GOYEN, JAN JOSEPHS(ZOON) VAN


Meaning of GOYEN, JAN JOSEPHS(ZOON) VAN in English

born Jan. 13, 1596, Leiden, Neth. died April 27, 1656, The Hague Goyen also spelled Goijen painter and etcher, one of the most gifted landscapists in the Netherlands during the early 17th century. He learned painting under several masters at Leiden and Haarlem and settled at The Hague about 1631. To support his family he worked as an auctioneer and appraiser of art. Many of his earlier pictures, from 1620 to c. 1630, show the influence of Esaias van der Velde, his teacher in 1616. These landscapes are highly detailed, have strong local colour, and often serve as a stage for genre scenes. His characteristic style developed from the 1620s, when his compositions became simplified and his technique broadened. A use of low horizons gave his landscapes a Baroque sense of spatial expansiveness.

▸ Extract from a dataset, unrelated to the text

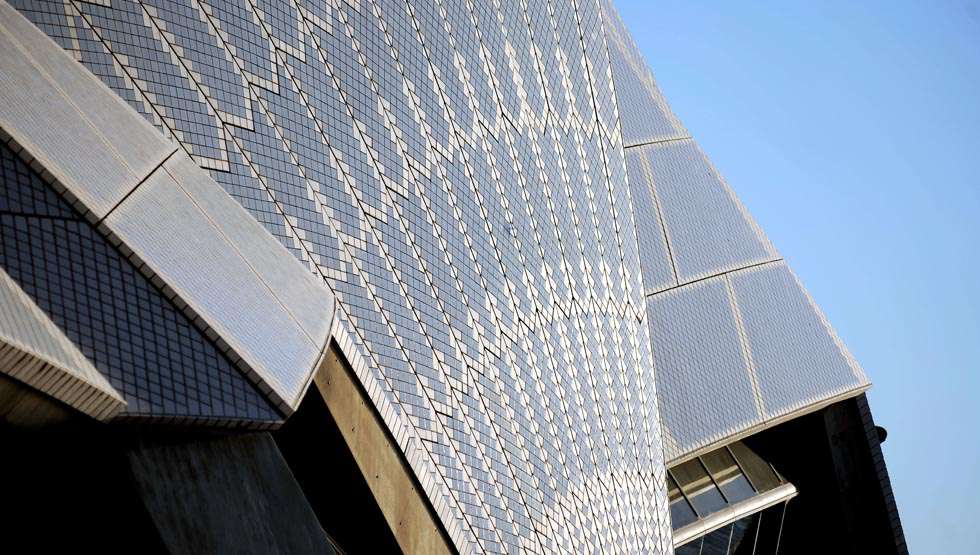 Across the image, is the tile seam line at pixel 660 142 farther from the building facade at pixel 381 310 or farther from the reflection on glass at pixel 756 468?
the reflection on glass at pixel 756 468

His concern with rendering natural light and the depiction of subtle atmospheric effects, however, are the principal identifying features of van Goyen's tonal landscapes. Though he visited France once or twice, van Goyen chiefly confined himself to the scenery of Holland. Mostly painted in oil on wood panels, his landscapes are largely preoccupied in capturing the muted moods of sky and water. He often represented the reaches of the Rhine, Waal, and Maas rivers and sometimes painted the dunes of Scheveningen or the sea at the mouth of the Rhine and Schelde. He liked to depict the tranquillity of river life and inshore calm, rarely painting seas stirred by more than a slight breeze. Van Goyen also excelled in panoramas of Dutch cities, favouring views of Leiden and The Hague-e.g., "View of Leiden" (1643; Alte Pinakothek, Munich)-and in the depiction of Lowlands winter scenes-"Winter Landscape" (1650; Berlin). A prolific draftsman, he also executed a substantial number of landscape etchings.